- What is needed -
Transcribe every record exactly, omitting none.

- Extracted entries -
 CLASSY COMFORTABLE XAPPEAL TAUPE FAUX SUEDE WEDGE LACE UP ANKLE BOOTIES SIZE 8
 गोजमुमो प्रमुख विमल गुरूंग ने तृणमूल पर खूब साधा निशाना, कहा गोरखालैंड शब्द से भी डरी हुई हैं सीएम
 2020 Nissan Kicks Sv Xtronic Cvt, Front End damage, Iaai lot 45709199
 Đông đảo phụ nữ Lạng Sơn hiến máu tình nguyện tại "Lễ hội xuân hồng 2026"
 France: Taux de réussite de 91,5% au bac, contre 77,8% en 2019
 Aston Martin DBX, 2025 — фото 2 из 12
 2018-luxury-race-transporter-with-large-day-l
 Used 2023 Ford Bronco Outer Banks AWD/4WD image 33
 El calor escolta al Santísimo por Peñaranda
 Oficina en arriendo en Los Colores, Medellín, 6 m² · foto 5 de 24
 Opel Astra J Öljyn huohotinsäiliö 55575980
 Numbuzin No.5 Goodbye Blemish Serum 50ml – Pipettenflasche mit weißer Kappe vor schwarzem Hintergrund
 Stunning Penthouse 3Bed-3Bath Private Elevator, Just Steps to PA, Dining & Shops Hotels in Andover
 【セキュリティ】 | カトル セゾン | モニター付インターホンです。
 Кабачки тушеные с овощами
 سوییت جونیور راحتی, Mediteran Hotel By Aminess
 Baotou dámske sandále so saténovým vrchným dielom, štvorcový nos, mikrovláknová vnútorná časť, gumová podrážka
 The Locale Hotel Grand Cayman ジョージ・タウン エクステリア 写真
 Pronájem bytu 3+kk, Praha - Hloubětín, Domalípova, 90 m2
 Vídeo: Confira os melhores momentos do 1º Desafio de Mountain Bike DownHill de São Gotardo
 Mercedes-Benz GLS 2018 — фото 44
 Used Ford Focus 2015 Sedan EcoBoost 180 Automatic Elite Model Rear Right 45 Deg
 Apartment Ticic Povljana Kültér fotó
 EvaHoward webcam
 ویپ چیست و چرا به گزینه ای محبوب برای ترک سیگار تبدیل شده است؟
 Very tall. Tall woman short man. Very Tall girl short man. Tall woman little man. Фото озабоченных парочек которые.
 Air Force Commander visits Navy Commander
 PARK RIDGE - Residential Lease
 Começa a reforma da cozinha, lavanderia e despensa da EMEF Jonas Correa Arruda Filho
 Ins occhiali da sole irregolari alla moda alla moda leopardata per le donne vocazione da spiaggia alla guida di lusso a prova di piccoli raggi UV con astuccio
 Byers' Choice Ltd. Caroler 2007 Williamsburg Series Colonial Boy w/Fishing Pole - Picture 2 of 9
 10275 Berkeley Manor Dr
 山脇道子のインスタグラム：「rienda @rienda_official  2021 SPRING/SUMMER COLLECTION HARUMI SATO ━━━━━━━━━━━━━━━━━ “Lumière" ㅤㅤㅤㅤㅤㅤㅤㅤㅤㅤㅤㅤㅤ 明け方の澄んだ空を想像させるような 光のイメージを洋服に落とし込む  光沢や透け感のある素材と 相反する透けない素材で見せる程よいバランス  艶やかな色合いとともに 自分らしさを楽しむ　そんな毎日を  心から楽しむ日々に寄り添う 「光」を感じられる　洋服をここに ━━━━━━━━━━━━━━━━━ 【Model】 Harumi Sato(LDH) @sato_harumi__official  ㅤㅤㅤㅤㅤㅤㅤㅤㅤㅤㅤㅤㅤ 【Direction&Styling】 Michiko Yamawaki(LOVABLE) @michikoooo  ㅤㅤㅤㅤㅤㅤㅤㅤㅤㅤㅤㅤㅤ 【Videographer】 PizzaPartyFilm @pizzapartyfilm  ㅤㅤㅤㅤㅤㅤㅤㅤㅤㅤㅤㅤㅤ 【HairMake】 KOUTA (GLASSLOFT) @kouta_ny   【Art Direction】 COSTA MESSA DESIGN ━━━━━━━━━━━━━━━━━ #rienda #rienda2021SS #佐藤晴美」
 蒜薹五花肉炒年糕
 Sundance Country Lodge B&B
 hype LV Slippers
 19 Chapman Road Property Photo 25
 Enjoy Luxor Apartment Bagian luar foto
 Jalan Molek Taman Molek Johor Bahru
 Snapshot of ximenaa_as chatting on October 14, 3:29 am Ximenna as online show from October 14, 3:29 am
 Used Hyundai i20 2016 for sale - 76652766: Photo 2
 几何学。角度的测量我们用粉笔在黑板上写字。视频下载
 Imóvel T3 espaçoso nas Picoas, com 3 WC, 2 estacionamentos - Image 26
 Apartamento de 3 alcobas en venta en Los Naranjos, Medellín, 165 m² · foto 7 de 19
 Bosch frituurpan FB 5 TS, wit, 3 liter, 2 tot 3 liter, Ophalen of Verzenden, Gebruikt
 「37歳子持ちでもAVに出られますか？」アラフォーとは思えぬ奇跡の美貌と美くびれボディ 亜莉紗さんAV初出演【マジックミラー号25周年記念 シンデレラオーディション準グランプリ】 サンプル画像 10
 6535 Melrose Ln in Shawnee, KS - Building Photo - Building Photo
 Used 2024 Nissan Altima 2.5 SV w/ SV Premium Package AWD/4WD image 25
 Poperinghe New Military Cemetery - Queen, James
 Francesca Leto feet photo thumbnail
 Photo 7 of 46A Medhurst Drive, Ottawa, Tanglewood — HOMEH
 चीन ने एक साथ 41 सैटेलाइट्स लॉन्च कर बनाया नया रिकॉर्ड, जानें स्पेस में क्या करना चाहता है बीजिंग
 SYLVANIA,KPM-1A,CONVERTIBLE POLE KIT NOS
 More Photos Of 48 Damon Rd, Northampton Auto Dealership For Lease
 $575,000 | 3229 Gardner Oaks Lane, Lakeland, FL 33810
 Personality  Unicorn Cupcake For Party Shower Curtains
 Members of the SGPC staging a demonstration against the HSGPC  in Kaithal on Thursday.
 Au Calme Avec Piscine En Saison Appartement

- Your solution -
 CLASSY COMFORTABLE XAPPEAL TAUPE FAUX SUEDE WEDGE LACE UP ANKLE BOOTIES SIZE 8
 गोजमुमो प्रमुख विमल गुरूंग ने तृणमूल पर खूब साधा निशाना, कहा गोरखालैंड शब्द से भी डरी हुई हैं सीएम
 2020 Nissan Kicks Sv Xtronic Cvt, Front End damage, Iaai lot 45709199
 Đông đảo phụ nữ Lạng Sơn hiến máu tình nguyện tại "Lễ hội xuân hồng 2026"
 France: Taux de réussite de 91,5% au bac, contre 77,8% en 2019
 Aston Martin DBX, 2025 — фото 2 из 12
 2018-luxury-race-transporter-with-large-day-l
 Used 2023 Ford Bronco Outer Banks AWD/4WD image 33
 El calor escolta al Santísimo por Peñaranda
 Oficina en arriendo en Los Colores, Medellín, 6 m² · foto 5 de 24
 Opel Astra J Öljyn huohotinsäiliö 55575980
 Numbuzin No.5 Goodbye Blemish Serum 50ml – Pipettenflasche mit weißer Kappe vor schwarzem Hintergrund
 Stunning Penthouse 3Bed-3Bath Private Elevator, Just Steps to PA, Dining & Shops Hotels in Andover
 【セキュリティ】 | カトル セゾン | モニター付インターホンです。
 Кабачки тушеные с овощами
 سوییت جونیور راحتی, Mediteran Hotel By Aminess
 Baotou dámske sandále so saténovým vrchným dielom, štvorcový nos, mikrovláknová vnútorná časť, gumová podrážka
 The Locale Hotel Grand Cayman ジョージ・タウン エクステリア 写真
 Pronájem bytu 3+kk, Praha - Hloubětín, Domalípova, 90 m2
 Vídeo: Confira os melhores momentos do 1º Desafio de Mountain Bike DownHill de São Gotardo
 Mercedes-Benz GLS 2018 — фото 44
 Used Ford Focus 2015 Sedan EcoBoost 180 Automatic Elite Model Rear Right 45 Deg
 Apartment Ticic Povljana Kültér fotó
 EvaHoward webcam
 ویپ چیست و چرا به گزینه ای محبوب برای ترک سیگار تبدیل شده است؟
 Very tall. Tall woman short man. Very Tall girl short man. Tall woman little man. Фото озабоченных парочек которые.
 Air Force Commander visits Navy Commander
 PARK RIDGE - Residential Lease
 Começa a reforma da cozinha, lavanderia e despensa da EMEF Jonas Correa Arruda Filho
 Ins occhiali da sole irregolari alla moda alla moda leopardata per le donne vocazione da spiaggia alla guida di lusso a prova di piccoli raggi UV con astuccio
 Byers' Choice Ltd. Caroler 2007 Williamsburg Series Colonial Boy w/Fishing Pole - Picture 2 of 9
 10275 Berkeley Manor Dr
 山脇道子のインスタグラム：「rienda @rienda_official  2021 SPRING/SUMMER COLLECTION HARUMI SATO ━━━━━━━━━━━━━━━━━ “Lumière" ㅤㅤㅤㅤㅤㅤㅤㅤㅤㅤㅤㅤㅤ 明け方の澄んだ空を想像させるような 光のイメージを洋服に落とし込む  光沢や透け感のある素材と 相反する透けない素材で見せる程よいバランス  艶やかな色合いとともに 自分らしさを楽しむ　そんな毎日を  心から楽しむ日々に寄り添う 「光」を感じられる　洋服をここに ━━━━━━━━━━━━━━━━━ 【Model】 Harumi Sato(LDH) @sato_harumi__official  ㅤㅤㅤㅤㅤㅤㅤㅤㅤㅤㅤㅤㅤ 【Direction&Styling】 Michiko Yamawaki(LOVABLE) @michikoooo  ㅤㅤㅤㅤㅤㅤㅤㅤㅤㅤㅤㅤㅤ 【Videographer】 PizzaPartyFilm @pizzapartyfilm  ㅤㅤㅤㅤㅤㅤㅤㅤㅤㅤㅤㅤㅤ 【HairMake】 KOUTA (GLASSLOFT) @kouta_ny   【Art Direction】 COSTA MESSA DESIGN ━━━━━━━━━━━━━━━━━ #rienda #rienda2021SS #佐藤晴美」
 蒜薹五花肉炒年糕
 Sundance Country Lodge B&B
 hype LV Slippers
 19 Chapman Road Property Photo 25
 Enjoy Luxor Apartment Bagian luar foto
 Jalan Molek Taman Molek Johor Bahru
 Snapshot of ximenaa_as chatting on October 14, 3:29 am Ximenna as online show from October 14, 3:29 am
 Used Hyundai i20 2016 for sale - 76652766: Photo 2
 几何学。角度的测量我们用粉笔在黑板上写字。视频下载
 Imóvel T3 espaçoso nas Picoas, com 3 WC, 2 estacionamentos - Image 26
 Apartamento de 3 alcobas en venta en Los Naranjos, Medellín, 165 m² · foto 7 de 19
 Bosch frituurpan FB 5 TS, wit, 3 liter, 2 tot 3 liter, Ophalen of Verzenden, Gebruikt
 「37歳子持ちでもAVに出られますか？」アラフォーとは思えぬ奇跡の美貌と美くびれボディ 亜莉紗さんAV初出演【マジックミラー号25周年記念 シンデレラオーディション準グランプリ】 サンプル画像 10
 6535 Melrose Ln in Shawnee, KS - Building Photo - Building Photo
 Used 2024 Nissan Altima 2.5 SV w/ SV Premium Package AWD/4WD image 25
 Poperinghe New Military Cemetery - Queen, James
 Francesca Leto feet photo thumbnail
 Photo 7 of 46A Medhurst Drive, Ottawa, Tanglewood — HOMEH
 चीन ने एक साथ 41 सैटेलाइट्स लॉन्च कर बनाया नया रिकॉर्ड, जानें स्पेस में क्या करना चाहता है बीजिंग
 SYLVANIA,KPM-1A,CONVERTIBLE POLE KIT NOS
 More Photos Of 48 Damon Rd, Northampton Auto Dealership For Lease
 $575,000 | 3229 Gardner Oaks Lane, Lakeland, FL 33810
 Personality  Unicorn Cupcake For Party Shower Curtains
 Members of the SGPC staging a demonstration against the HSGPC  in Kaithal on Thursday.
 Au Calme Avec Piscine En Saison Appartement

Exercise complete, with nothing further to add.